Herpesviruses are major causes of human infectious diseases. Sexually transmitted herpes simplex virus 2 (HSV-2) afflicts more than 400 million people world-wide, increases acquisition and transmission of HIV, and can be lethal when babies are infected during birth. HSV-1 is the leading cause of infectious blindness and is increasingly spread by sexual contact. Current anti-herpesviral therapies based on nucleos(t)ide analogs such as acyclovir (ACV) are inadequately suppressive in some patients. Nucleoside analogs also readily select for resistance mutations, which are difficult to treat with current second line drugs such as foscarnet due to toxicity. Therefore more effective therapeutic options and/or drugs with a different mechanism of action are urgently needed for use in salvage and combination therapies. Herpesvirus replication relies on several activities catalyzed by nucleotidyl transferase superfamily (NTS) enzymes. We have strong preliminary data that several compounds known to inhibit NTS enzymes profoundly suppress HSV replication in cell culture, some further than ACV even without optimization. Our data also indicate the NTS enzyme inhibitors in the polyoxygenated heterocycle (POH) compound class, including N-hydroxypyridinones (HPOs) and N-hydroxynapthyridinones (HNOs), have a different mechanism of action than ACV and have a higher barrier to development of resistance. Specifically, the viral terminase has been identified as a viral target. Together, our observations suggest NTS inhibitors have strong potential for development into antiviral drugs. We propose to derive preliminary structure-activity relationships (SARs) for the HPOs and HNOs and identify their mechanism(s) of action. This will provide essential information to guide future medicinal chemistry optimization. We will also test the hypothesis that these POH compounds can be useful in combination therapy with the established anti-HSV drugs ACV and foscarnet. These goals will be pursued in two Aims:
Aim 1 : Test HPO and HNO compounds against HSV replication to develop preliminary SARs.
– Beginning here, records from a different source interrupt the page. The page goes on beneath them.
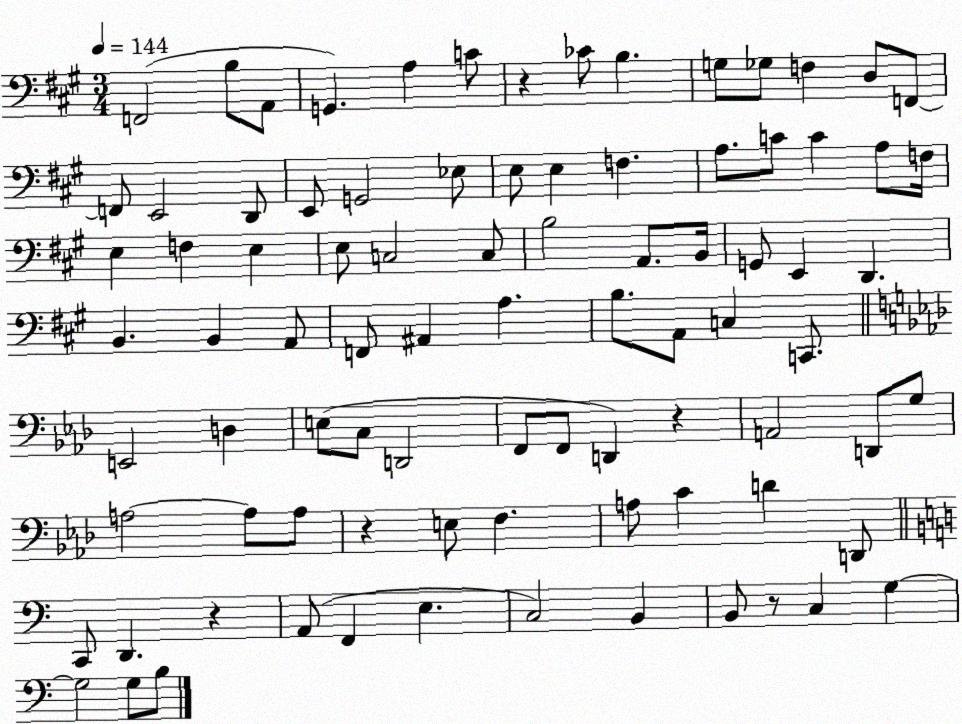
X:1
T:Untitled
M:3/4
L:1/4
K:A
F,,2 B,/2 A,,/2 G,, A, C/2 z _C/2 B, G,/2 _G,/2 F, D,/2 F,,/2 F,,/2 E,,2 D,,/2 E,,/2 G,,2 _E,/2 E,/2 E, F, A,/2 C/2 C A,/2 F,/4 E, F, E, E,/2 C,2 C,/2 B,2 A,,/2 B,,/4 G,,/2 E,, D,, B,, B,, A,,/2 F,,/2 ^A,, A, B,/2 A,,/2 C, C,,/2 E,,2 D, E,/2 C,/2 D,,2 F,,/2 F,,/2 D,, z A,,2 D,,/2 G,/2 A,2 A,/2 A,/2 z E,/2 F, A,/2 C D D,,/2 C,,/2 D,, z A,,/2 F,, E, C,2 B,, B,,/2 z/2 C, G, G,2 G,/2 B,/2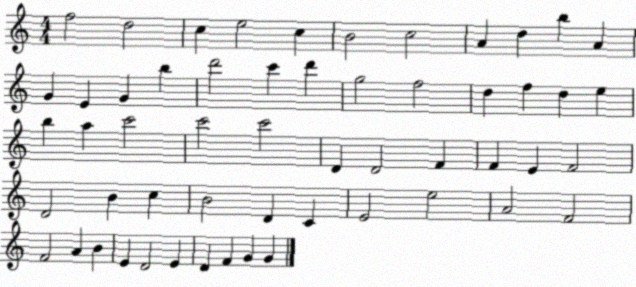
X:1
T:Untitled
M:4/4
L:1/4
K:C
f2 d2 c e2 c B2 c2 A d b A G E G b d'2 c' d' g2 f2 d f d e b a c'2 c'2 c'2 D D2 F F E F2 D2 B c B2 D C E2 e2 A2 F2 F2 A B E D2 E D F G G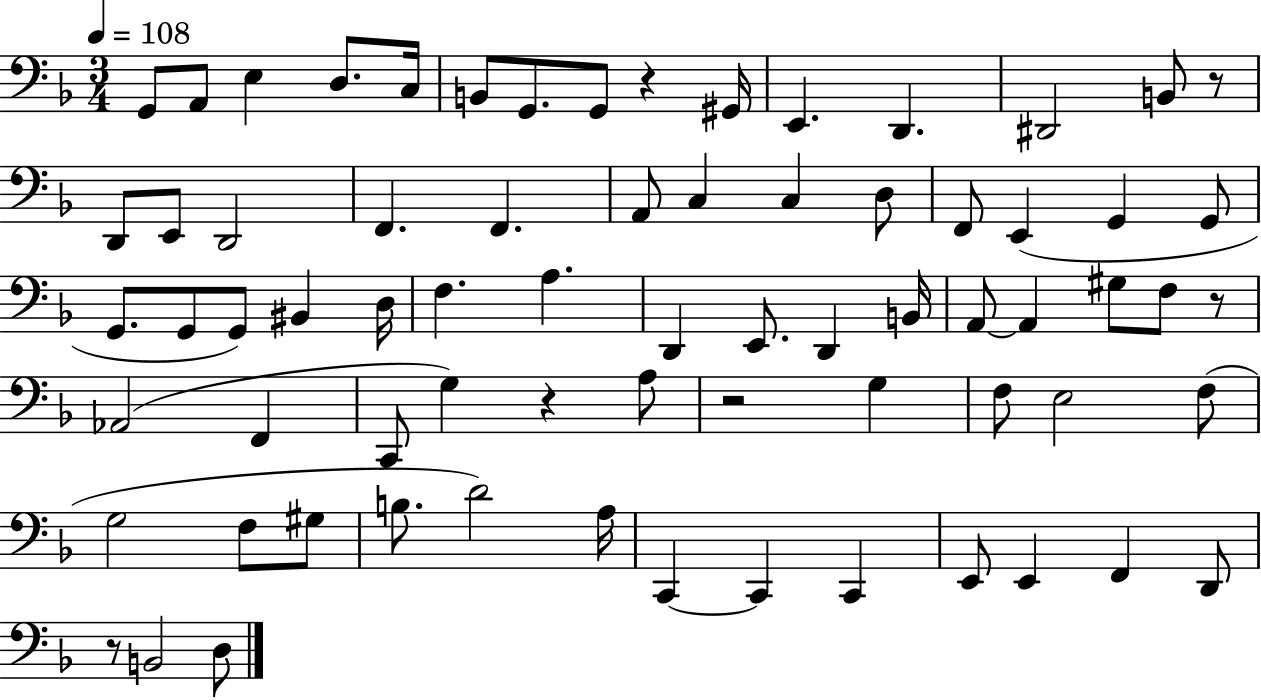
{
  \clef bass
  \numericTimeSignature
  \time 3/4
  \key f \major
  \tempo 4 = 108
  g,8 a,8 e4 d8. c16 | b,8 g,8. g,8 r4 gis,16 | e,4. d,4. | dis,2 b,8 r8 | \break d,8 e,8 d,2 | f,4. f,4. | a,8 c4 c4 d8 | f,8 e,4( g,4 g,8 | \break g,8. g,8 g,8) bis,4 d16 | f4. a4. | d,4 e,8. d,4 b,16 | a,8~~ a,4 gis8 f8 r8 | \break aes,2( f,4 | c,8 g4) r4 a8 | r2 g4 | f8 e2 f8( | \break g2 f8 gis8 | b8. d'2) a16 | c,4~~ c,4 c,4 | e,8 e,4 f,4 d,8 | \break r8 b,2 d8 | \bar "|."
}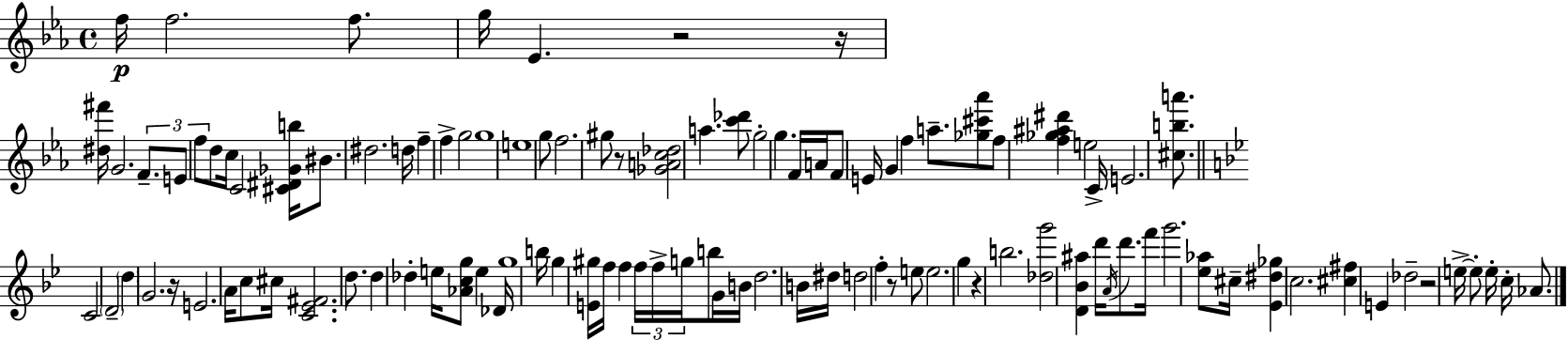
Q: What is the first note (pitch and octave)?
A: F5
Aim 2 : Assess the mechanism of action of HPO and HNO inhibitors and evaluate potential synergy with ACV and foscarnet to suppress HSV replication.
Aim 1 will use our well-established, robust screening procedure that tests inhibition of HSV replication by the compounds, toxicity, and in vitro absorption, distribution, metabolism and excretion (ADME) to develop the foundational SARs needed to formulate focused chemical hypotheses to be tested in future medicinal chemical optimization.
Aim 2 will investigate the compounds' mechanism of action and use our replication inhibition assay in matrix fashion to test the potential for HPOs and/or HNOs to be useful in combination therapy with each other or with nucleoside analogs or second-line drugs. Follow-up studies will identify lead compounds for development into drugs to improve therapy and relieve suffering due to HSV and other herpesviruses.
(Relevance) Herpes simplex virus (HSV)-1 and HSV-2 cause lifelong infections that result in much human suffering and can be deadly to newborns. Current drug therapies inadequately suppress HSV replication; however, we found that inhibitors of a specific group of enzymes strongly inhibit HSV replication by a different mechanism than current drugs. This project will identify chemical relationships among this new class of HSV replication inhibitors as a critical first step in optimization for drug development, and test whether the new inhibitors can synergize with current drugs as a potential combination therapy to fully alleviate suffering due to HSV infections.